General information
- Name: La Scala Theatre Ballet
- Local name: Corpo di Ballo del Teatro alla Scala
- Year founded: 1778 (at La Scala)
- Principal venue: La Scala Theatre Via Filodrammatici 2 Milan Italy
- Website: www.teatroallascala.org/en

Senior staff
- Director: Manuel Legris
- Coordinator: Marco Berrichillo

Artistic staff
- Ballet Mistress: Lara Montanaro

Other
- Parent company: La Scala
- Associated schools: La Scala Theatre Ballet School
- Formation: Etoile Guest Artist Principal Soloist Corps de Ballet Reserve Corps de Ballet

= La Scala Theatre Ballet =

Italian ballet company

The La Scala Theatre Ballet (Corpo di ballo del Teatro alla Scala) is the resident classical ballet company at La Scala in Milan, Italy. One of the oldest and most renowned ballet companies in the world, the company pre-dates the theatre, but was officially founded at the inauguration of La Scala in 1778. Many leading dancers have performed with the company, including Mara Galeazzi, Alessandra Ferri, Viviana Durante, Roberto Bolle and Carla Fracci. The official associate school of the company is the La Scala Theatre Ballet School (Scuola di Ballo del Teatro alla Scala), a constituent of the La Scala Theatre Academy (Accademia Teatro alla Scala).

It is one of the best known Italian ballet companies, and many of its dancers have achieved international fame, such as Mara Galeazzi, Alessandra Ferri, Petra Conti, Roberto Bolle, Massimo Murru, and in the recent past, Carla Fracci.
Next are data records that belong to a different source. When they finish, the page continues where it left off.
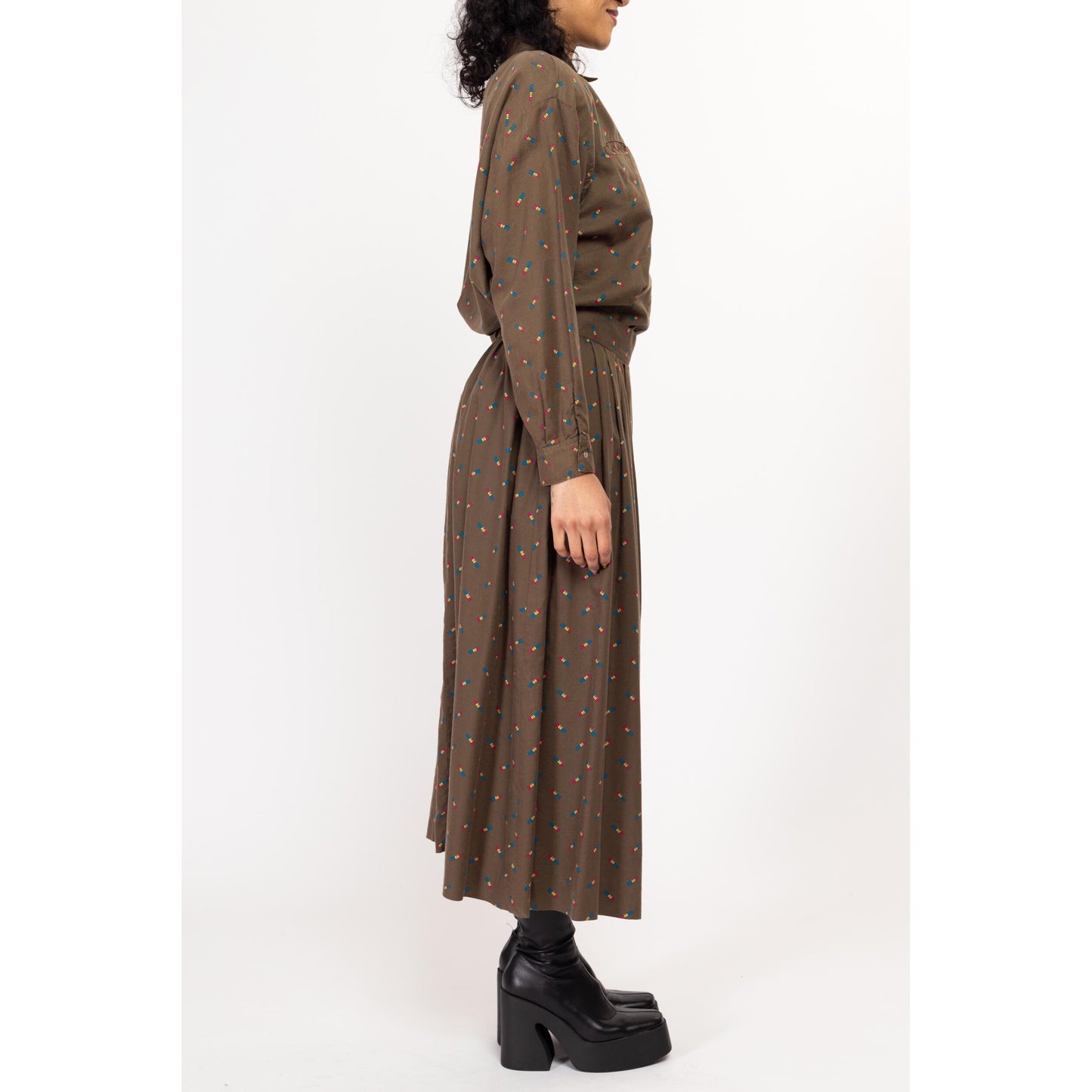 Medium 80s Pencil Print Blouse & Maxi Skirt Set | Vintage Taupe Brown Matching Two Piece Outfit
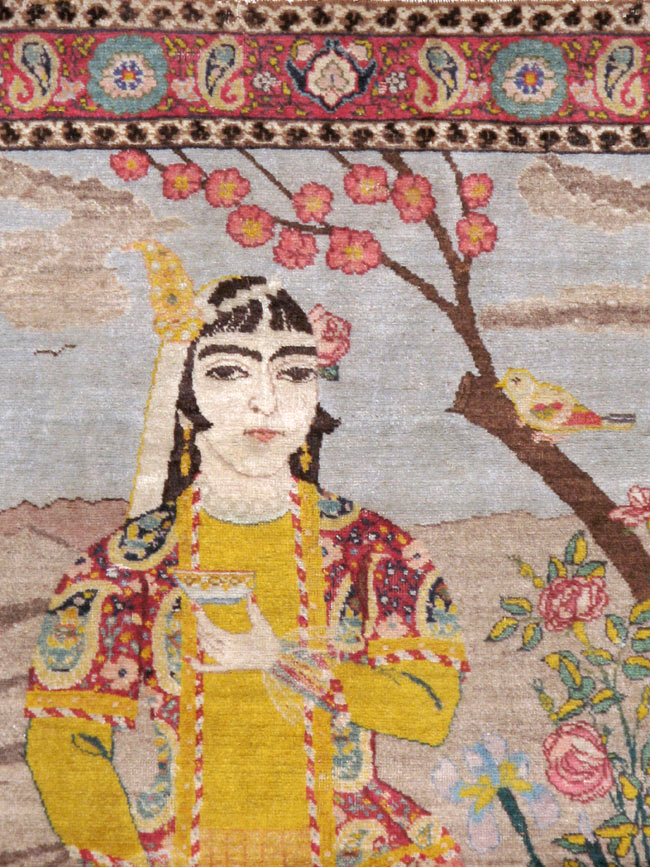 Vintage Persian Tabriz Pictorial Throw Rug, No.24666 - Gsblank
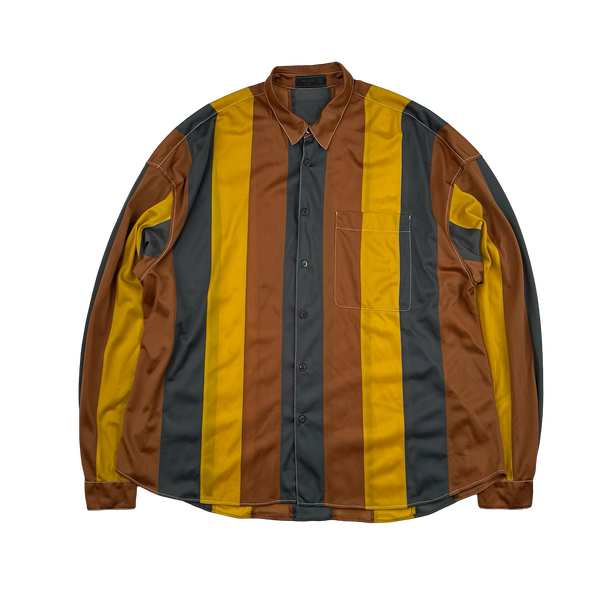 Prada Runway Striped Panel Silk Twill Buttoned Sample Shirt - XL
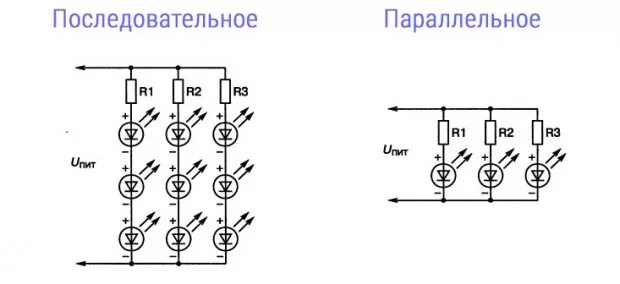 Светодиоды параллельно. Последовательное и параллельное подключение светодиодов схема. Схема диод резистор параллельное соединение. Схема параллельного подключения светодиодов. Последовательное и параллельное соединение светодиодов схема.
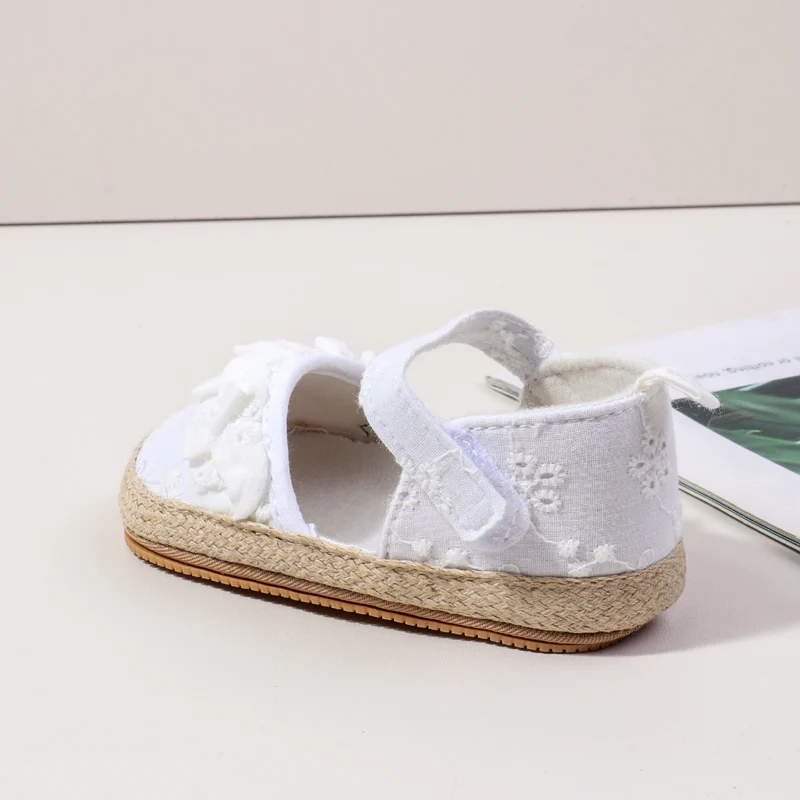 Newly Arrived Baby Girl Toddler Shoes with Non-Slip Soft Rubber Sole Lace Decoration Flat Breathable Solid Pattern Summer Spring factory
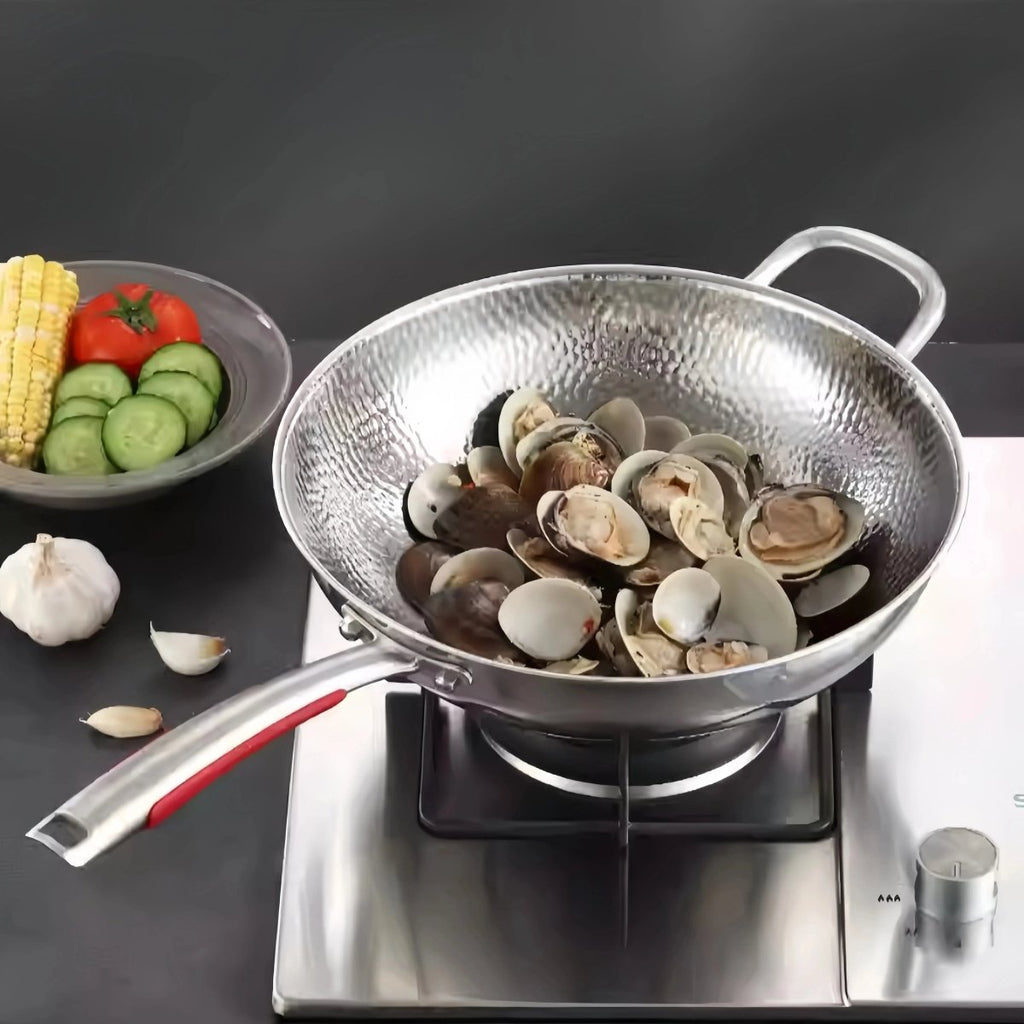 Titanium Wok 30 cm Round Base | Induction | Uncoated & Non-Stick | Forgea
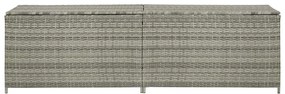 Caixa de arrumação para jardim 200x50x60 cm vime PE cinzento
Other personalities of the history of classical ballet associated with the corpo di ballo have been the teachers and choreographers Carlo Blasis and Enrico Cecchetti, the ballerinas Carlotta Grisi, Caterina Beretta, Carlotta Brianza and the prima ballerina assoluta Pierina Legnani, among many others.

Although the company was only founded officially after the inauguration of the Teatro alla Scala in 1778, its history can be traced back to Renaissance courts of Italy, notably in the Sforza family’s splendid palace in Milan, where the classical ballet itself was born as an art form to be later refined at the French court of Louis XIV.
The first nucleus of the company was brought to Milan by the choreographer Gasparo Angiolini between 1779 and 1789, as part of his reform of serious opera. Milan was also home to Salvatore Viganò, who experimented his personal interpretation of ballet d’action (which he called “coreodramma”); this in turn later inspired Carlo Blasis and other choreographers.

Many modern choreographers have collaborated with the corpo di ballo, such as George Balanchine and Roland Petit, often to create unique ballets for the company and its étoiles.

The company's repertoire includes both classical ballets and more modern pieces; among them: Giselle, Swan lake, The Taming of the Shrew, Carmen, Onegin, Theme and Variations, and many more.

Many of the company members come from the Scuola di Ballo del Teatro alla Scala.